Plus direct, l’interdiction pure et simple de manifester. Au moins trois ont été prises par des préfets. Une dans le Gard à trois reprises, les trois derniers samedis, sur plusieurs points de rassemblement des gilets jaunes. Une autre dans la Somme, où tout attroupement sur la voie publique a été interdit à Amiens du vendredi 28 décembre à 20 heures, au mercredi 2 janvier à 8 heures. L’arrêté est assorti d’une interdiction de porter ou transporter des équipements individuels de protection des voies respiratoires. Enfin, une troisième dans les Pyrénées-Orientales entre le 28 décembre et le 1er janvier. Elle concerne alors sept points de déploiement des gilets jaunes du département. La préfecture rappelant même que « le simple fait de se maintenir pacifiquement sur les lieux d’un tel attroupement après les sommations constitue un délit passible d’un an d’emprisonnement et de 15 000 € d’amende ». Et même trois ans et 45 000 €, si la personne dissimule son visage pour ne pas être identifiée.
Dénigrer pour dissuader et faire peur
Toujours dans une logique de réduire les possibilités d’action et de manifestation des gilets jaunes, le ministère de l’Intérieur demande aux préfets le 29 décembre de libérer complètement et définitivement les ronds-points encore occupés. Une tentative pour stopper le mouvement en démontant par la force les lieux où s’est structurée la contestation. Jusque-là, les manœuvres pour obtenir la fin des manifestations au nom de la tranquillité à l’approche des fêtes de fin d’année, de la sécurité après l’attentat de Strasbourg, ou en expliquant que le gouvernement avait répondu aux revendications des gilets jaunes, n’ont pas fonctionné. Pas plus que la dramatisation de la séquence par le ministre de l’Intérieur Christophe Castaner.

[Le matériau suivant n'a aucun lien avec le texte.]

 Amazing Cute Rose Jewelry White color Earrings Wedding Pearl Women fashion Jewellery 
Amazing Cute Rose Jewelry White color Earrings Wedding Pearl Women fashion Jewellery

Dès le quatrième jour du mouvement, celui-ci dénonce la « dérive totale » et la « radicalisation » de la contestation, puis évoque des « séditieux » à partir du 25 novembre, avant de demander le 4 décembre à ne pas venir manifester à Paris le 8 décembre. Toujours pour dissuader toute participation aux manifestations, ce coup-ci après les fêtes, c’est au tour de Benjamin Griveaux, le porte-parole du gouvernement, d’affirmer que le mouvement est « devenu, pour ceux qui restent encore mobilisés, le fait d’agitateurs qui veulent l’insurrection et, au fond, renverser le gouvernement ».
En attendant le « Grand débat » qui, pour l’exécutif, doit éteindre la contestation de la rue, le gouvernement sort une fois de plus l’artillerie lourde pour l’acte 9 des gilets jaunes. Les sondages donnant une courte majorité de Français favorable à la poursuite du mouvement lui font probablement penser que le moment est mûr pour sortir une loi anticasseur, rappelant celle des années 70, censée endiguer les mouvements de contestation radicale qui ont fleuri dans le sillage de Mai 68.